## Problem description
Because the copy must hold no pictures, return the data below with all of its words intact.

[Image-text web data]
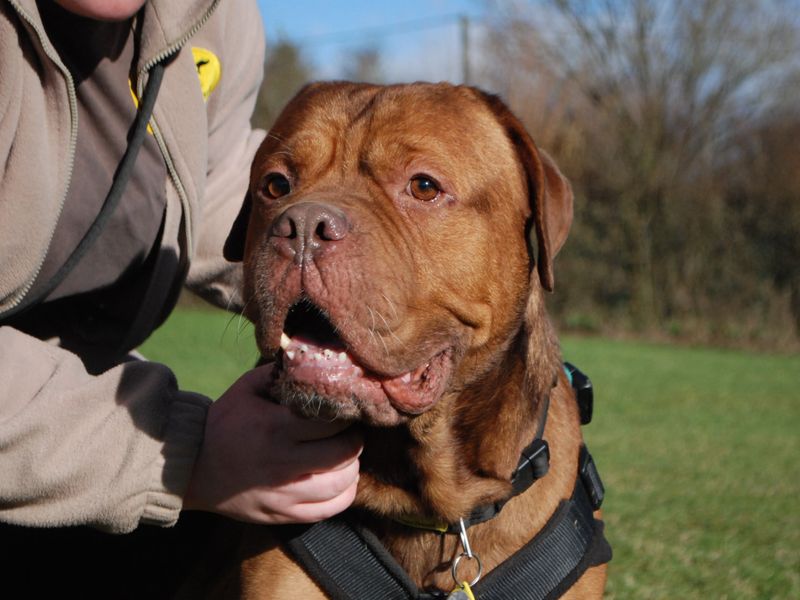 Kaizer | Dogue De Bordeaux Cross | Newbury (Berkshire) - 1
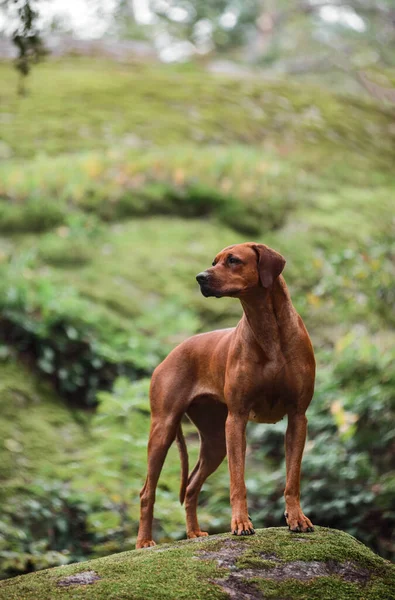 Sevimli Rodezyalı Sırt Sırtı Yeşil Orman doğa sahnesinde kayaların üzerinde duruyor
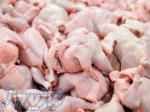 اولین تولیدکننده مرغ بدون آنتی بیوتیک کشور - رضوان 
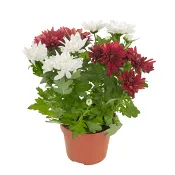 Krysantemum 12 cm kruka Höjd 30cm varierande färger.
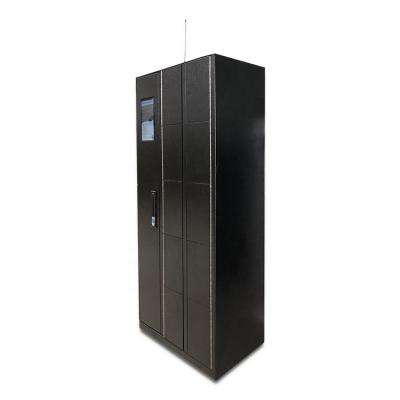 China RFID Smart Locker Government Agencies Lockers Smart Master Locker for sale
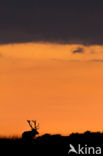 Red Deer (Cervus elaphus)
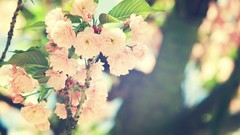 Flowers leaves nature Trees branches cherry blossoms depth of 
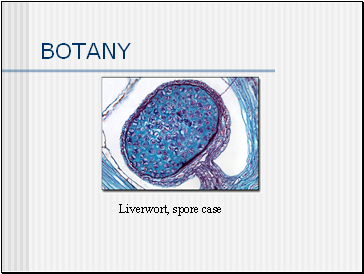 BOTANY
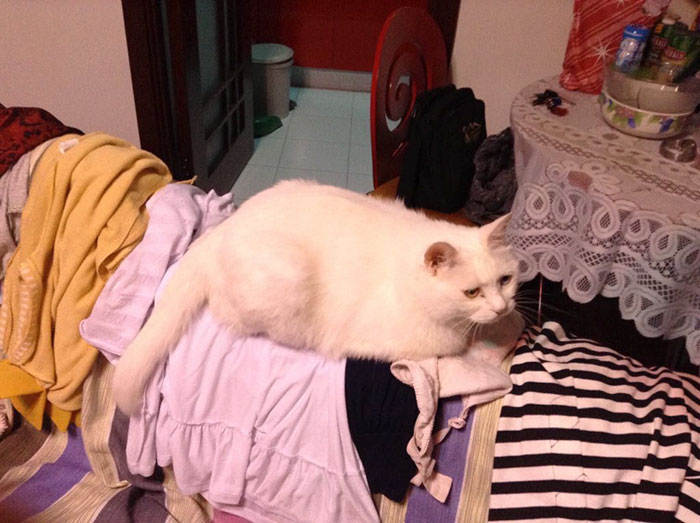 accidentally-wrong-cat-file-to-teacher-alex-sparrow-28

## Output for this task
 Kaizer | Dogue De Bordeaux Cross | Newbury (Berkshire) - 1
 Sevimli Rodezyalı Sırt Sırtı Yeşil Orman doğa sahnesinde kayaların üzerinde duruyor
 اولین تولیدکننده مرغ بدون آنتی بیوتیک کشور - رضوان 
 Krysantemum 12 cm kruka Höjd 30cm varierande färger.
 China RFID Smart Locker Government Agencies Lockers Smart Master Locker for sale
 Red Deer (Cervus elaphus)
 Flowers leaves nature Trees branches cherry blossoms depth of 
 BOTANY
 accidentally-wrong-cat-file-to-teacher-alex-sparrow-28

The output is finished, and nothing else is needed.